Repeat only what runs from the line with "Zlatá mince 50" through the last line of the data below, both included, keeping every word as it is and leaving out the pictures.

Segment Start: INPUT FOR THIS TASK

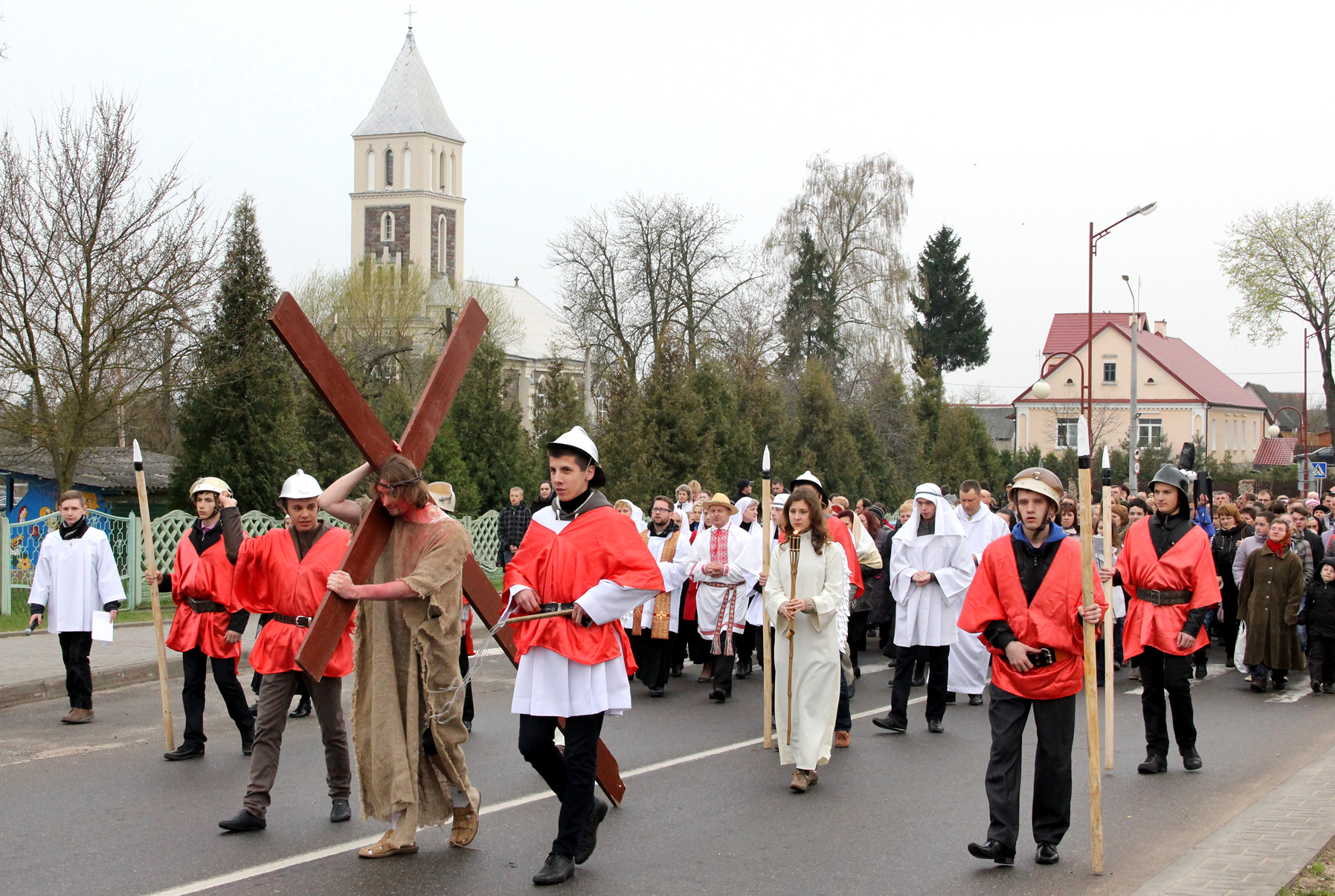 Крыжовы шлях  у Бераставіцы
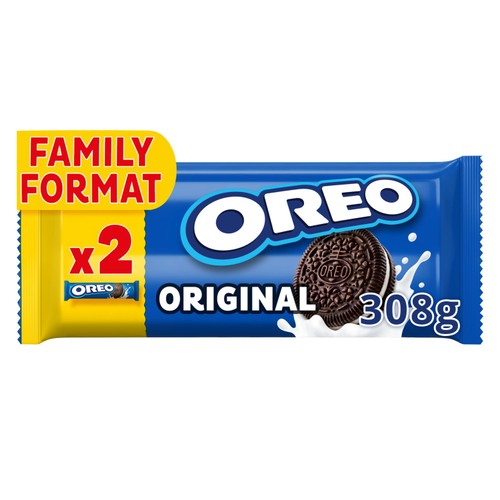 OREO Original Twin Pack Vanilla Sandwich Biscuit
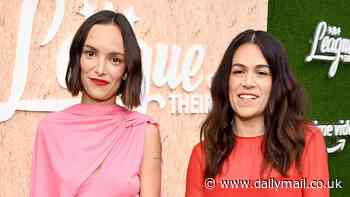 Abbi Jacobson and Jodi Balfour are married! Broad City and Ted Lasso stars wed in off-the-rack dresses from Mary Kate and Ashley Olsen's The Row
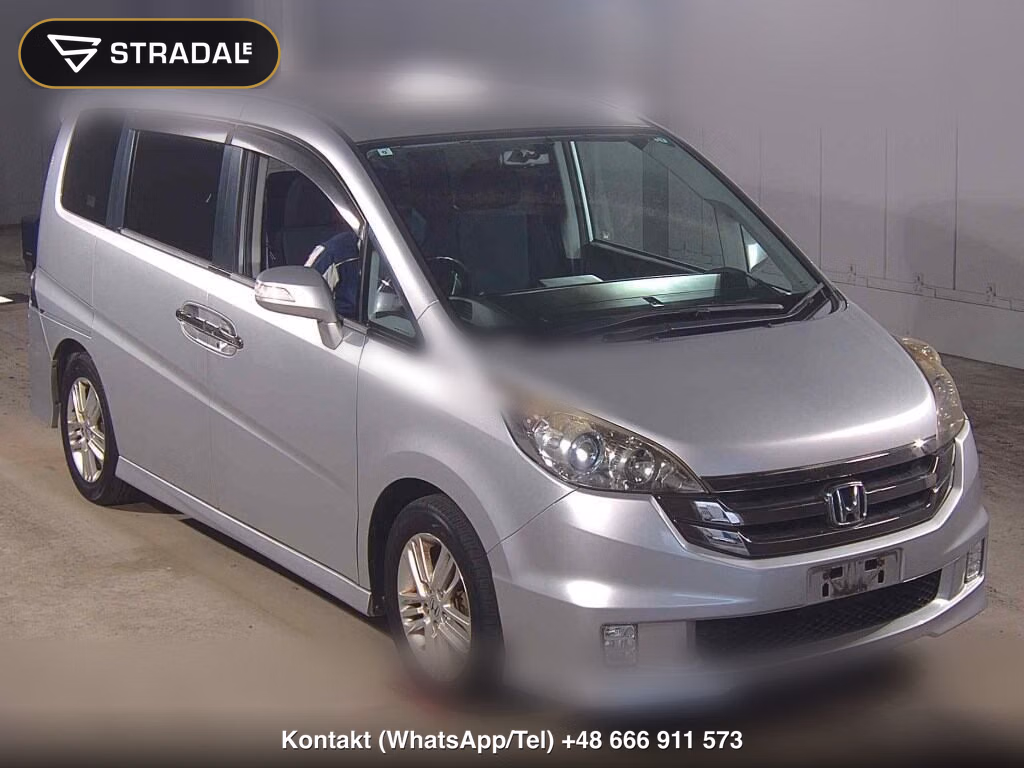 HONDA STEPWAGON 5D SPADA S Z PACKAGE 2009, aukcja z Japonii, zdjęcie 1
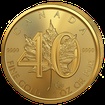 Zlatá mince 50 CAD Maple Leaf 1 Oz 2019 40th Anniversary (40. výročí 1979-2019)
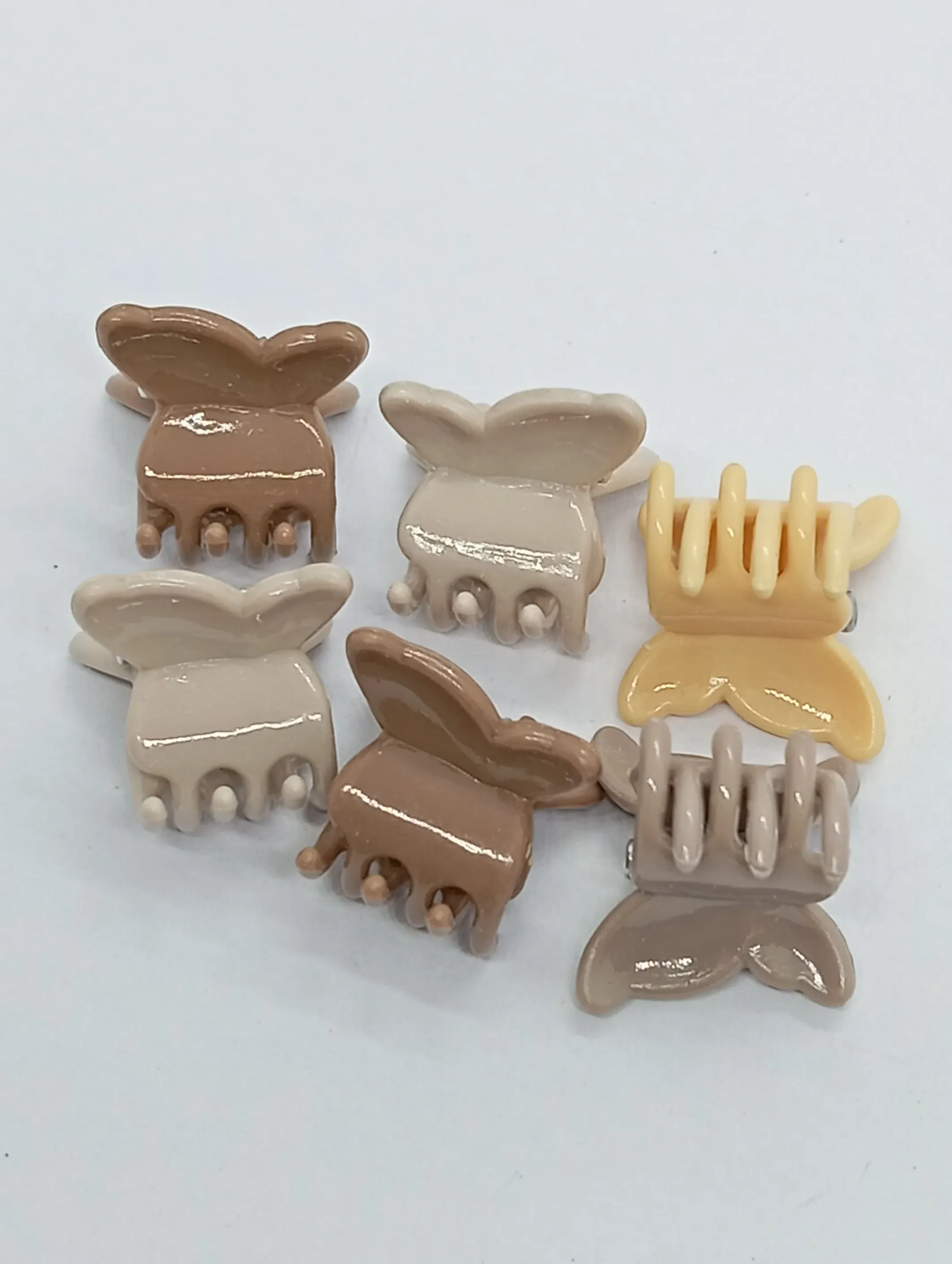Flower Hair Claw Clips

Segment End: INPUT FOR THIS TASK

RESULT
 Zlatá mince 50 CAD Maple Leaf 1 Oz 2019 40th Anniversary (40. výročí 1979-2019)
Flower Hair Claw Clips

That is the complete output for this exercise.